4. Da aparente antinomia entre a permuta atividade rural seguida de atividade urbana, e atividade urbana seguida de atividade rural. Uso da isonomia para “agravamento da situação de inconstitucionalidade”

Há quem veja uma situação de injustiça quando o legislador permite aposentadoria híbrida apenas ao trabalhador rural, deixando o trabalhador de 65 anos urbano sem poder contar para a “carência” o tempo de atividade rural anterior. Dizem haver falta de isonomia no tratamento, posto que a atividade rural seguida da urbana não permite a aposentadoria híbrida, ao passo que, negando a recíproca, a atividade urbana seguida da rural sim.

Essa preocupação é sintetizada assim: um segurado de 65 anos, que tenha trabalhado 14 anos em meio urbano e o último ano apenas no meio rural pode se aposentar, ao passo que um outro que trabalhe 14 anos do meio rural e 1 só no meio urbano, não.

A premissa é essa mesmo. Está correta. Quem acha o tratamento não isonômico, está coberto de razão: é desigual. Não é injusto ou despropositado, mas é desigual. Antes de enfrentar a questão, contudo, é preciso fazer uma certa flexibilização, porquanto o cenário das lides previdenciários não é, nem de longe, tão cartesiano assim. Quisera eu viver uma realidade previdenciária tão exata como a hipótese acima. No mundo dos fatos, como sabido por qualquer um, o tempo de trabalho rural por 14 anos seguido de 1 ano de atividade urbana não impede a concessão de aposentadoria por idade rural, porquanto a compaixão jurisprudencial releva intervalos pequenos para fins de desqualificação da atividade de segurado especial. Por outro lado, se um trabalhador tiver 14 anos de atividade urbana e seguir para o mundo rural, ele não ficará desamparado em sua velhice até a morte. Ao contrário do que o rigor da recíproca acima sugere, a situação é facilmente resolvida, bastando a contribuição por mais um ano em qualquer das condições de segurado, inclusive na condição de segurado especial, pagando-se percentual sobre a venda realizada. O segurado não estará perpetuamente condenado a não se aposentar, seja numa ou outra hipótese. E é preciso sim desmistificar essa impressão aparente de irreversível prejuízo. Acalmemos.
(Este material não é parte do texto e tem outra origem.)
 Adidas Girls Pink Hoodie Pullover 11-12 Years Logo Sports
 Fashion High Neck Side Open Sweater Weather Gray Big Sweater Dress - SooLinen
Bem. Mas a questão a se responder é: há falta de isonomia no tratamento entre as duas hipóteses acima? Não permitir ao trabalhador urbano a mesma aposentadoria híbrida concedida ao trabalhador rural gera desigualdade?

Que gera desigualdade, isso é inevitável. Agora, isso não é nenhuma novidade. Causa muita estranheza que no meio jurídico situações como essa ainda causem espanto e desconforto. Diante tantas opções contemplativas que o constituinte e o legislador elege, preterindo e preferindo, contemplando aqui e descobrindo acolá, isso é natural e corriqueiro. Não se entende o porquê da indignação repentina. A verdade é que essa preocupação só perturba quem realmente não está atento à premissa constitucional aqui relembrada por inúmeras vezes: o sistema é contributivo!

Essa “desigualdade”, ora objeto de muita indignação, já convive tranquilamente desde a edição da Lei 8.213/91. Os segurados especiais nunca contribuíram, a despeito do trabalhador urbano. A jurisprudência nunca se sensibilizou a essa diferença, embora, no mais das vezes, o trabalho urbano e a sobrevivência na cidade seja, a rigor, tão ou mais difícil do que a vida da roça nos tempos de hoje. Ninguém se condoeu com essa desigualdade. Além disso, deixou-se viger regras de transição onde empregados rurais e contribuintes individuais rurais também não contribuíram ao longo de 20 anos. Essa desigualdade nunca incomodou ninguém.

Também nunca trouxe muita perplexidade o fato do artigo 55 da Lei 8.213/91 aceitar todo o período rural anterior a 1991 sem contribuições para fins de tempo de serviço. Ao que se percebe, toda a indignação nasce quando a lei exige pagamento. Quando abona, ninguém se comove.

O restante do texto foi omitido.